Harry annuì a sua volta.
«быть проклятым»
mormorò Inga lasciandosi trascinare via dall’Auror.
«Le manette inibiscono il tuo
potere, Inga» le disse Harry. Con un gesto della
bacchetta aprì la porta dell’appartamento. «Non puoi lanciarci incantesimi, se
è quello che stavi tentando di fare»
«Tentavo, sì» mormorò Inga prima della smaterializzazione.
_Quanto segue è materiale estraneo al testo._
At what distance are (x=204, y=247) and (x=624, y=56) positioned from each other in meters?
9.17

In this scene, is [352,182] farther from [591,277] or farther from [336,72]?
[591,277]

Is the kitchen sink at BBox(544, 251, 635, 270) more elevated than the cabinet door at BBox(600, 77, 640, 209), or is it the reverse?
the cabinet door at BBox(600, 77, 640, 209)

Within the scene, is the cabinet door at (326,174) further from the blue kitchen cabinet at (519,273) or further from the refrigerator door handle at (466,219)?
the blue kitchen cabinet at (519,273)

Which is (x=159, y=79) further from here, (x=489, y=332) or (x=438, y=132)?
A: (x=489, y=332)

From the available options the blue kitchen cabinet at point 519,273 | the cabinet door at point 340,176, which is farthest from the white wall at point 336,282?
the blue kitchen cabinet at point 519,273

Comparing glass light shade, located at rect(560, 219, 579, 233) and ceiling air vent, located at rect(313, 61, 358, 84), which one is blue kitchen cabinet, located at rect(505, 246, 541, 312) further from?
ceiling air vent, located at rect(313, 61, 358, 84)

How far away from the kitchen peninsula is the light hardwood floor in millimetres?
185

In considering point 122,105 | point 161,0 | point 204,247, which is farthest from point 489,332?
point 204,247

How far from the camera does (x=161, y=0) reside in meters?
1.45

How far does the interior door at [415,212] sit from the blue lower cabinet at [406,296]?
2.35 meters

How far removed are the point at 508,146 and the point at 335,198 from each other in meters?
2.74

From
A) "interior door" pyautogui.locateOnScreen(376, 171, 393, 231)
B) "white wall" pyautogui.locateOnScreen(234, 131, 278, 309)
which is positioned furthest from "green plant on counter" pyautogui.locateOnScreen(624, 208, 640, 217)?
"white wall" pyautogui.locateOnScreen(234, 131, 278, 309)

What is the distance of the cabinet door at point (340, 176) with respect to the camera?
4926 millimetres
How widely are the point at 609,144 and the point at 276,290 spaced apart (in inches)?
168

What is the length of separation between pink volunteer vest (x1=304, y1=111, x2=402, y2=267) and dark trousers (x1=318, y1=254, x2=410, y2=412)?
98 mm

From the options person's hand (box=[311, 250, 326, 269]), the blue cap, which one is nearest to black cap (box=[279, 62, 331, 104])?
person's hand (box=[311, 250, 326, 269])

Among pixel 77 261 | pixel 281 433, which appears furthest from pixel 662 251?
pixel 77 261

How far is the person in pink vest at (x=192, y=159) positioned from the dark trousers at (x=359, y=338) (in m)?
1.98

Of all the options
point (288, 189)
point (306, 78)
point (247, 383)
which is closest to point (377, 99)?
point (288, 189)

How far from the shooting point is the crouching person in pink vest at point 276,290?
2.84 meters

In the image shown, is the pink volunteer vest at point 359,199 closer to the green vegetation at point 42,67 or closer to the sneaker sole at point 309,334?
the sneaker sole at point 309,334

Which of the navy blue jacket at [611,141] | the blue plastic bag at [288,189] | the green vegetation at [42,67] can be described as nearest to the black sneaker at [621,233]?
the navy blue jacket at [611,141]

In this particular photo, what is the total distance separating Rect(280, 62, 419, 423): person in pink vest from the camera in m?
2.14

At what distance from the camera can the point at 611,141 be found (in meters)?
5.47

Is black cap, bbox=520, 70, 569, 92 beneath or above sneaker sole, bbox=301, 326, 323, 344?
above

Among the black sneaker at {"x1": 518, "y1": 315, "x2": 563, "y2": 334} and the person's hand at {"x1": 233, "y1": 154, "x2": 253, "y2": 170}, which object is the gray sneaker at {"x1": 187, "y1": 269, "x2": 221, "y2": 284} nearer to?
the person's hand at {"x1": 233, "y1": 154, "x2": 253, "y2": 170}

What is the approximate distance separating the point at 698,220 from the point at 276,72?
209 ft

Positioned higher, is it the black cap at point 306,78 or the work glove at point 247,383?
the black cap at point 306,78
Sui giornali, la fotografia dell’Auror Potter accanto al Ministro della Magia inglese e
quello bielorusso era un tripudio di luci dei flash delle decine di giornalisti
che li attorniavano. La notizia della cattura di Inga
aveva fatto il giro del mondo magico, anche se, alla fine dei giochi, nessuno
aveva mai sentito parlare di lei. Ma i maghi erano fatti così: tutti a
celebrare, davanti alla caduta del male. Anche se, prima di quella caduta,
nessuno si era sentito in pericolo.
Severus chiuse il quotidiano e lo appoggiò
sul tavolo, riprendendo in mano la tazza di tea fumante che gli aveva dato il
buongiorno. Fortunatamente era in pausa per il periodo natalizio, sarebbe stato
imbarazzante giustificare la sparizione della sua deliziosa commessa bionda.
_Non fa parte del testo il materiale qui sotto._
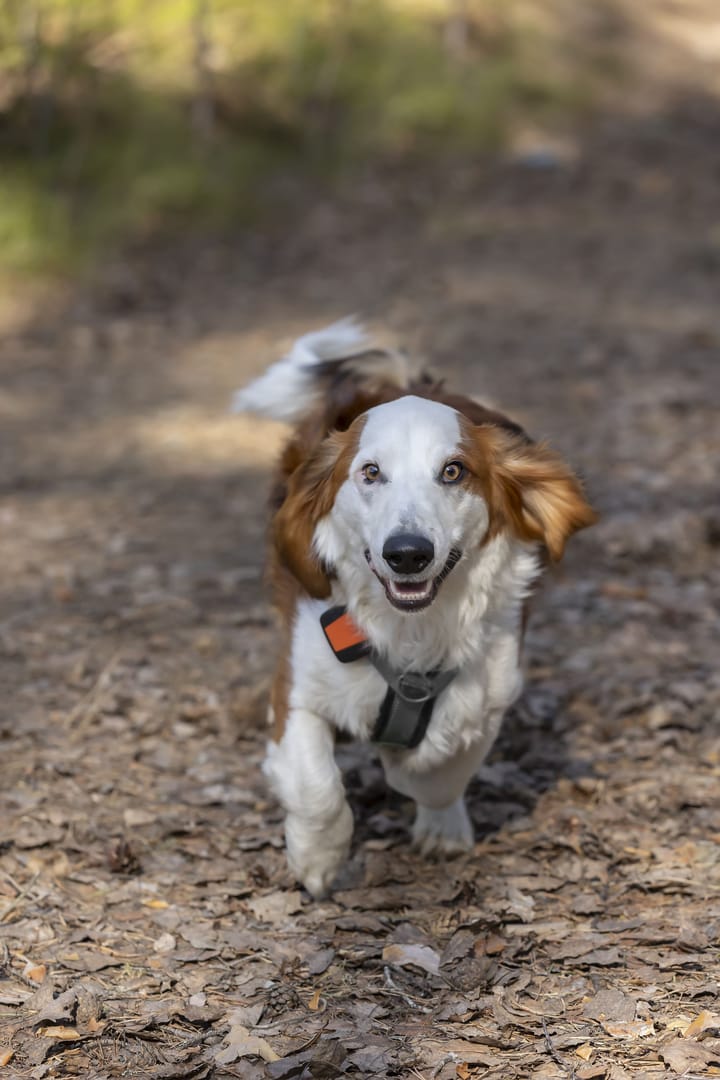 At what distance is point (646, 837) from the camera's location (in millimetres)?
4172

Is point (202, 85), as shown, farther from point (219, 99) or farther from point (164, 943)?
point (164, 943)

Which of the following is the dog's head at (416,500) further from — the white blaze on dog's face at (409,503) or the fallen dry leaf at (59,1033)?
the fallen dry leaf at (59,1033)

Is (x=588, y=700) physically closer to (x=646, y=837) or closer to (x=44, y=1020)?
(x=646, y=837)

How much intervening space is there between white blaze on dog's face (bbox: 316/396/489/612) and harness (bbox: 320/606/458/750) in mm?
200

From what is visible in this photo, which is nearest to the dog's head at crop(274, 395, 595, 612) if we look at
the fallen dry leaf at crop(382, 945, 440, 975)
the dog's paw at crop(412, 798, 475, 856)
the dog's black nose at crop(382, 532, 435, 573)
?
the dog's black nose at crop(382, 532, 435, 573)

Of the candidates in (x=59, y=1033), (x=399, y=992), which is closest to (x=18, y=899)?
(x=59, y=1033)

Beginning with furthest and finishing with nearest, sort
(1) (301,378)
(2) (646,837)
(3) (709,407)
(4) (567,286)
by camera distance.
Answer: (4) (567,286) → (3) (709,407) → (1) (301,378) → (2) (646,837)

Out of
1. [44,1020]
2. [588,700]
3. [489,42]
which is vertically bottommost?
[44,1020]

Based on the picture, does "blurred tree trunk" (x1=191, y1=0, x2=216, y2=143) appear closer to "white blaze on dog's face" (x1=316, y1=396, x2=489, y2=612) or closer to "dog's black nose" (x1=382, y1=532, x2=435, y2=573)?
"white blaze on dog's face" (x1=316, y1=396, x2=489, y2=612)

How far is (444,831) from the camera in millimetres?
4164

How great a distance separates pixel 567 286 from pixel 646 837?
8.01 meters

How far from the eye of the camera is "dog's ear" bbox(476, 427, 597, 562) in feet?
12.2

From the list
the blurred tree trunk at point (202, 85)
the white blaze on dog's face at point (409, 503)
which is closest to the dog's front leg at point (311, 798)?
the white blaze on dog's face at point (409, 503)

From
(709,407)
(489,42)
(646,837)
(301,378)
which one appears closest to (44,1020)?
(646,837) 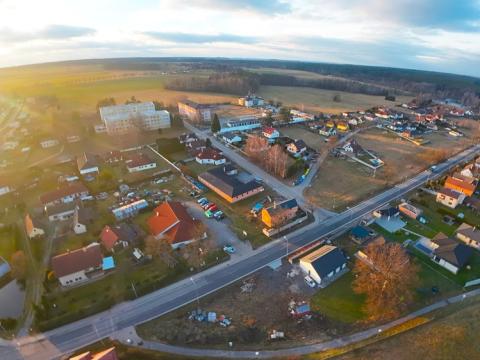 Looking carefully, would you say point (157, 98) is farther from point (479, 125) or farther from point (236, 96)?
point (479, 125)

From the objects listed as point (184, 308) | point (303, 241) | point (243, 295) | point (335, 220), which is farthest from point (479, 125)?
point (184, 308)

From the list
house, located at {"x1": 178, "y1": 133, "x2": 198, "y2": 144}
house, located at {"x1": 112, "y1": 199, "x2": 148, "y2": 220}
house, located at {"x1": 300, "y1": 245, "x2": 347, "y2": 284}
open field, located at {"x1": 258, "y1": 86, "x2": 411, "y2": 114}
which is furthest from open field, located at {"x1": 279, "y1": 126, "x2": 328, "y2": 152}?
house, located at {"x1": 112, "y1": 199, "x2": 148, "y2": 220}

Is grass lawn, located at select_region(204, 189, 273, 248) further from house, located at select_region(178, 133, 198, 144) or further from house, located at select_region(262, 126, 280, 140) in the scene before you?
house, located at select_region(262, 126, 280, 140)

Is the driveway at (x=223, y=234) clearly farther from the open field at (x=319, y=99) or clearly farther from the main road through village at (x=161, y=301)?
the open field at (x=319, y=99)

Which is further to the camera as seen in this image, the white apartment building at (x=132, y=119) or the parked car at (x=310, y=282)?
the white apartment building at (x=132, y=119)

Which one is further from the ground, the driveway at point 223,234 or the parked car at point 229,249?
the parked car at point 229,249

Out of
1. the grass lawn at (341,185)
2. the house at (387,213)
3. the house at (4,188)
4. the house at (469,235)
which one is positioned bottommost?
the house at (4,188)

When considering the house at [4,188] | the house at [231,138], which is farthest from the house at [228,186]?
the house at [4,188] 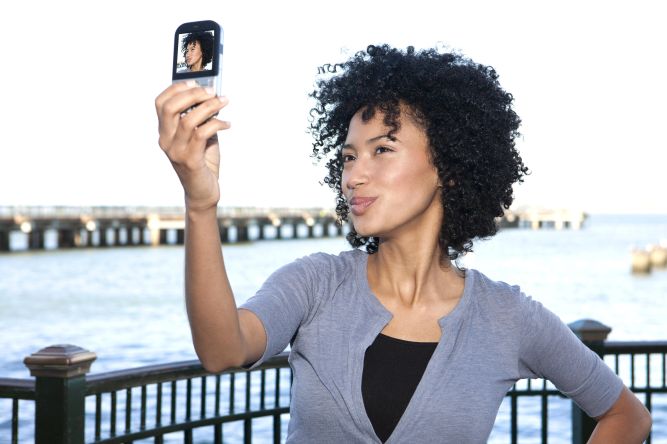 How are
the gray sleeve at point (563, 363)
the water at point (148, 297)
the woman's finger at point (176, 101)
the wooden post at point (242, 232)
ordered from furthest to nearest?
1. the wooden post at point (242, 232)
2. the water at point (148, 297)
3. the gray sleeve at point (563, 363)
4. the woman's finger at point (176, 101)

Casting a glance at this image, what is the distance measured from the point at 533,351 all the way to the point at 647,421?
563 mm

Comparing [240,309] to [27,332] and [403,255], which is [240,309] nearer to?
[403,255]

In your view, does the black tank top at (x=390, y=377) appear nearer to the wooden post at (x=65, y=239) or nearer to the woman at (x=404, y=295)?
the woman at (x=404, y=295)

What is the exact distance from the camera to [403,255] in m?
2.52

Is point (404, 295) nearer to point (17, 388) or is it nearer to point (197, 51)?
point (197, 51)

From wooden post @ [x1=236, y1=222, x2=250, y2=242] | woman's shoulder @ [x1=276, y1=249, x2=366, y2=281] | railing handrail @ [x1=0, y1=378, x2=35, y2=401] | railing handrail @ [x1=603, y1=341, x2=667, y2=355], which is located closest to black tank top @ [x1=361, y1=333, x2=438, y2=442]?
woman's shoulder @ [x1=276, y1=249, x2=366, y2=281]

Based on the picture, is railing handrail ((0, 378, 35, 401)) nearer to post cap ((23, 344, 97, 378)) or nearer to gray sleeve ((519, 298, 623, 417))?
post cap ((23, 344, 97, 378))

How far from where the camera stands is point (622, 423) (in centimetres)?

Sorseggiò un po’ della bevanda calda chiedendosi se mai la sua vita si sarebbe
decisa a diventare un po’ più noiosa.
D’un tratto, la campanella che lo
avvertiva che qualcuno stava bussando alla porta del negozio suonò. Stupito,
l’uomo la guardò per un momento, poi si alzò e si infilò la giacca da camera
prima di scendere lungo le scale buie. Spiò brevemente dai vetri della bottega
prima di aprire la porta.
«Potter» fece, non appena la visione
del giovane gli si presentò.
«Posso entrare?» chiese Harry. Era
ben imbacuccato contro il gelo che spazzava le strade di Notturn
Alley. Piton si strinse
nella vestaglia e si fece da parte.
«Sei venuto per qualche nuovo mago
oscuro?» chiese, il tono velenoso.
Harry gli sorrise.
«No, sono venuto per qualcun altro» sussurrò, prima di
annullare la distanza con il Pozionista.